Thursday 1 December 2011

Key Questions for Leveson 1: What next for self-regulation?


Having identified the key questions for the Leveson Inquiry, I shiuld have a go at answering them myself.

The first concerned the future of self-regulation.

The print media is exclusively privately-owned in the UK. Why would a privately-run industry want to be seen to regulate itself when it comes to matters of ethics? This might be because the industry wishes to present itself as credible and trustworthy. In the case of the news media, this amounts to having a reputation for reporting accurately and truthfully on matters of significance.

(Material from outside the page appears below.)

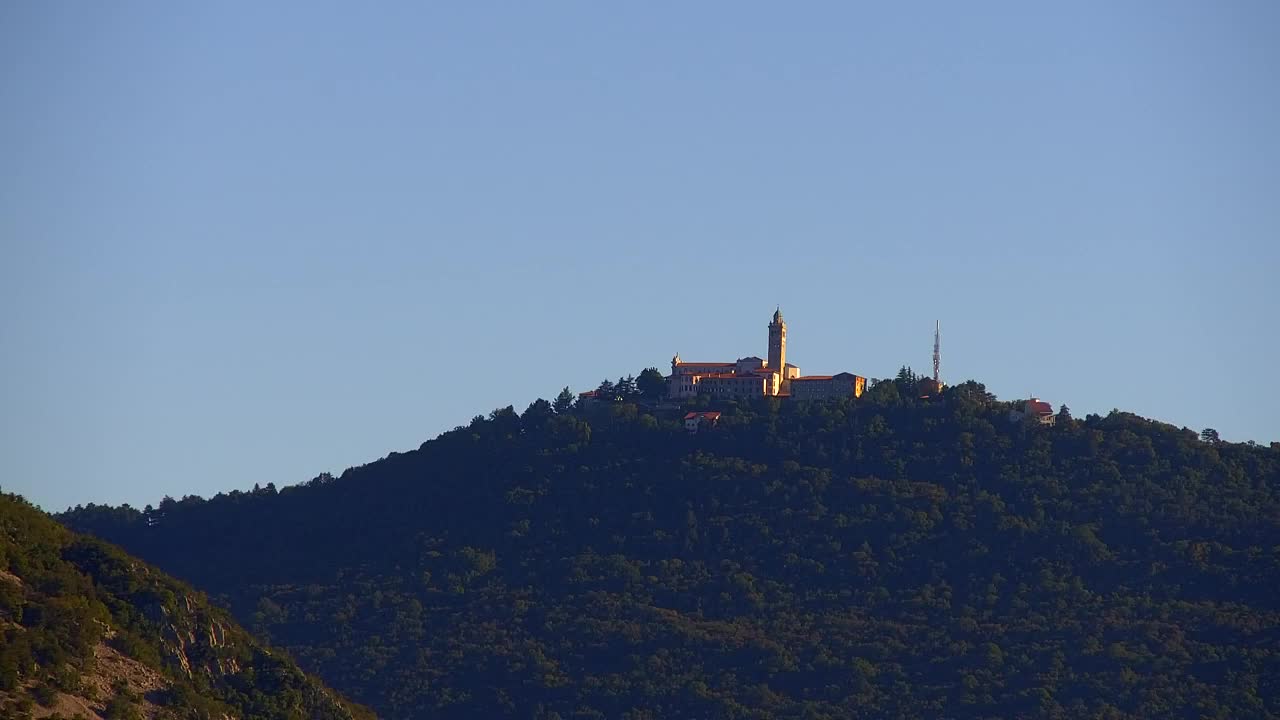 Nova Gorica e Gorizia: Panorama Mozzafiato dal Convento Francescano di Castagnevizza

But is there a strong motivation for the news media to appear to be credible and trustworthy in this way? On the face of it, it makes sense to suppose that there is, because why would anybody buy a newspaper which had demonstrated that it has no credibility and cannot be trusted? But this is to assume the ‘ideal’ reader, and all the evidence seems to show that people will buy a newspaper in large numbers even though that newspaper makes little serious claim to be credible or trustworthy, or to report accurately on matters of significance.

So why would the industry want to be seen to be self-regulating in a thorough and efficient way? The answer is, of course, that self-regulation has always been seen as the price the industry pays for keeping statutory regulation off its back.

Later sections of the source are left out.